C'erano molti generi d'amore, si era sempre detto, e la passione è solo una delle tante manifestazioni possibili. Non aveva e non avrebbe mai provato passione per sua moglie, non si era e non si sarebbe tormentato per gelosia né sentito insicuro, non aveva e non avrebbe dovuto procedere con i piedi di piombo per evitare di infastidirla e, soprattutto, a causa sua non aveva e non avrebbe mai dovuto scontrarsi con la madre, perché Carmela aveva adorato Victoire fin da subito e, Arturo ne era sicuro, Evelyn non le sarebbe mai andata a genio, non solo per la vita dissoluta che aveva condotto, ma anche perché non era assolutamente il tipo di donna che poteva piacerle.
Con Victoire aveva e avrebbe continuato ad avere una vita serena e quello che la moglie non aveva da offrirle - grinta, entusiasmo, vitalità, energia, carne e sangue - glielo poteva dare solo Evelyn.

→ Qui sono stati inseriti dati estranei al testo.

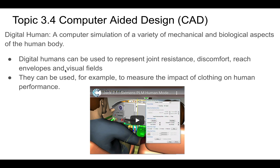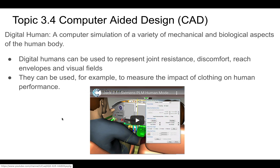Digital humans — people use this all the time. Essentially, they create anthropometrically valid models of humans that they can put into a given situation and see how they actually react. It's a computer simulation that has the mechanical and biological aspects of a human body. This can include joint resistance, discomfort, reach envelopes, and visual fields — important for something like an airline pilot, to know what the person would see and if they could reach the controls. Digital models of humans can be created with computer-aided design.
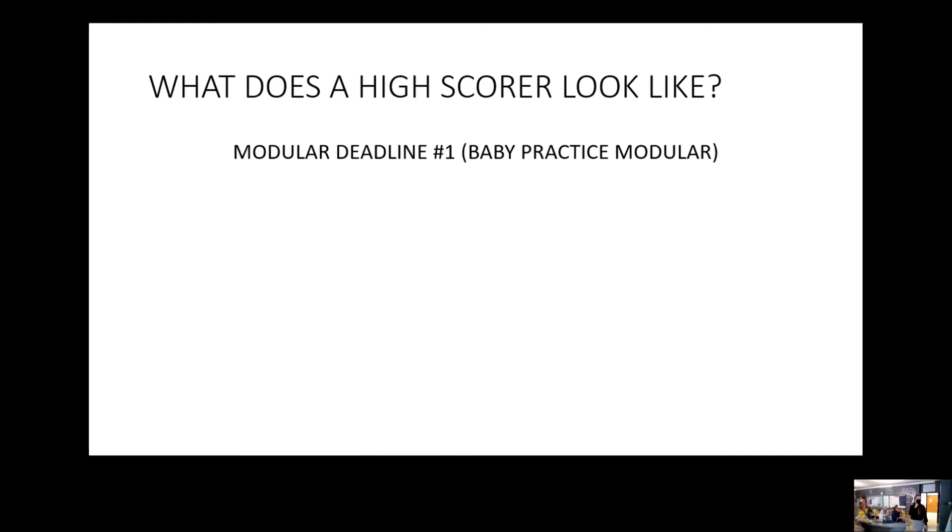I'm proud, I just wanted to show you an example of what the modular deadlines look like that are good. I've just got three of them really quickly. So what does a high score look like?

Durante il viaggio continuò a pensare a Evelyn - alla sua grinta, al suo entusiasmo, alla sua vitalità, alla sua energia, alla sua carne, la sua carne, la sua carne, alla sua pelle, al suo sangue, al rosso del suo spirito, delle sue labbra, del suo sesso, dei suoi capelli - perché non poteva, anche volendo, smettere di farlo. Non ci sarebbe mai riuscito.
Forse era vero quello che scriveva un poeta di cui non ricordava il nome, non era solito leggere poesia, ma a una serata mondana qualcuno aveva declamato quei versi e lui ne era rimasto colpito: L'amore non è volontà ma destino... Lui aveva tentato di non crederci. Arturo avrebbe voluto amare Victoire, non Evelyn. E finché non ci aveva creduto, la verità non aveva avuto voce, tanto meno i poeti. No, per carità, si disse, basta con i versi e con le farneticazioni di gente inutile come i poeti!